Well, the Minnesota and Wisconsin trout seasons are closed but fortunately Iowa is open and I’m headed down there Wednesday.
Here there are 4 days left of general streams being open. I’ll get out on Wednesday to a stream 20 minutes from home. But I live an equidistant 1 hour from three year-round trout streams. One is at a higher elevation accessed by a Forest Service road that at some point has a seasonal closure due to snowfall at its middle reach, but there can be good fishing up to the road closure. The problem with all three streams is CFS levels during winter rains. For the next 4 to 5 months I essentially switch to saltwater fishing with a 9 1/2 foot 6 weight western rod for Sea Run Cutthroat, plus Coho and jack Chinook salmon that are resident in the Puget Sound fjord and don’t migrate up to Alaskan waters. I also want to continue experimentation with a 5.3 meter Keiryu rod in the salt. But I stay informed on the three year-round streams’ CFS levels that tend to drop into shape during multi-day high pressure (=clear weather) cold snaps.

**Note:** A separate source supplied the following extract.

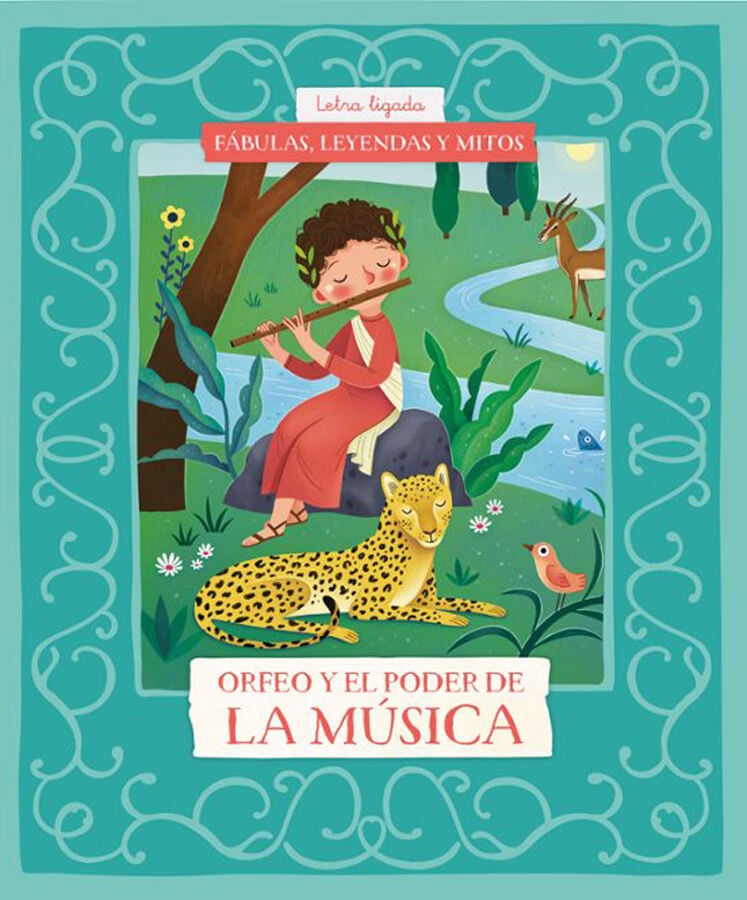 F&aacute;bulas, leyendas y mitos : Orfeo y el poder de la m&uacute;sica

Is it closed because of weather or regulations in Minnesota and Wisconsin?
Regulations. They shut down the season with spawning about to get going. Both open the beginning of January.

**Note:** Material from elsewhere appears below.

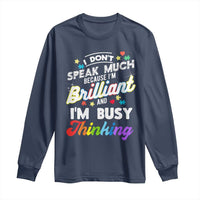 Autism Awareness Long Sleeve Shirt I Dont Speak Much Brilliant ASD Autistic Pride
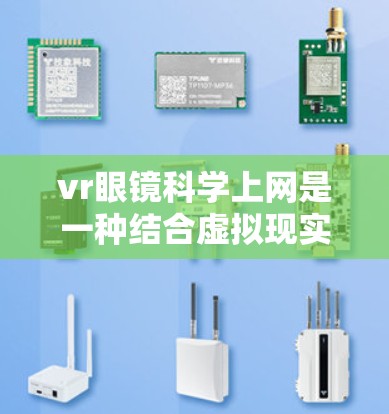 vr眼镜科学上网是一种结合虚拟现实技术与科学应用的创新领域，通过将现实与虚拟元素融合，利用科技手段进行科学数据的传输和处理。以下是对该领域的一些详细分析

Luckily we have year around trout fishing in Virginia. Back in the mid-nineties the Game and Fisheries Dept. dropped the opening day. We used to start the third Saturday of March and ended fishing on December 31st. Stocking would be in Jan.- March and then off and on through the Spring and some in the Fall. Thank you Virginia.

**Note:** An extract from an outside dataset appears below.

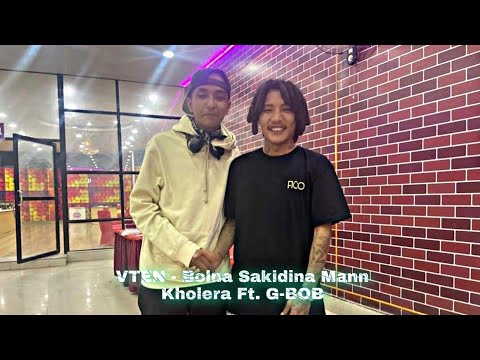 VTEN - Bolna Sakdina Mann Kholera Ft. G-BOB (Music Video) || Prod.by K KAY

Iowa isn’t bad for me. I’m fishing in about 2 hours after leaving home.
When (if ever) do you stop/pause fishing the wild brook trout streams in VA? I fished at the beginning of the month and none of the fish I caught were colored up for spawning yet, but I’m always anxious about going in Nov/Dec to the mountain streams.
Fall, winter, and early spring are the months i fish. I have not been out since May, but am atually going to fish today before work. The temps and rain should secure the river for me. I have grown to enjoy my fishing in these off months.
@mak1277 Mark, I try to go fishing when the crowds are not around. Generally, Tuesday-Friday are the best days to fish and not see a lot of people. I fish fall, early winter, spring, and early summer. Fishing in the summer often puts too much stress on the trout unless there has been a lot of rain. There are streams in VA that you can fish in the summer because they hold a good flow of water all year long. I have to go more to the western side of VA to find those types of streams. The eastern side of the Blue Ridge is bad news during the summer months. Acidity, human impact, and drought really make it difficult for the trout to survive. It takes me about 2.5 hours to reach the eastern streams of the Blue Ridge and Shenandoah NP. This is where I fish for trout most of the time due to driving time. I used to drive all over the place but as I got older, I just don’t enjoy spending a lot of time driving on #64 or #81. Looking at my recent journals, I generally fish about 50-80 days a year for trout and about 40-50 days a year for warm water fish.
I have recently noticed the brook trout starting to show those beautiful spawning colors on my last fishing trip to the Upper Rapidan River (Oct. 20th).
While there is no official fishing or trout season here in eastern Idaho, winter itself provides a very real barrier to fishing if you’re a softie like me.
Tristen, there is some level of imposed comfort in winter fishing. It is not efficient nor good for the fish if it is below freezing…so it is easy to take comfort in only fishing those warmer days…32 and above.
Winter fishing amazes me every year. Hatching insects at 32 degrees. Spiders crawling around on snow. So cool.
I really just was wondering if you stop fishing for brookies while they’re spawning or not. I debate this with myself every year, and typically I’ll succumb to temptation at least once from mid-October to December 31.
Here in Utah we can fish year round. Some of the upper streams close due to regulation to protect spawning, mainly where there are cutthroat. I’ll fish rivers where there are spawning chasers like when rainbows chase the Kokanee out of the reservoirs. There’s always some fun fishing when that happens.
Sorry Mike, I went off into a stream of thought and never answered you intended question…(sounds like I’m practicing to become a politician) . I am careful fishing during the spawning time and fish at stocked trout waters more often. We need to give these little guys a chance so that we can have great fishing in the future. However, I do sometimes fish for wild brookies at this time of year but I stop fishing after catching 6-8 trout (if I’m that lucky). Then I study the aquatic insects in the water and do some chemical water testing.
Then I study the aquatic insects in the water and do some chemical water testing.
@Kookagee What are you testing for, and how are you testing?
Tristan, I sent you a message. Thank you for asking.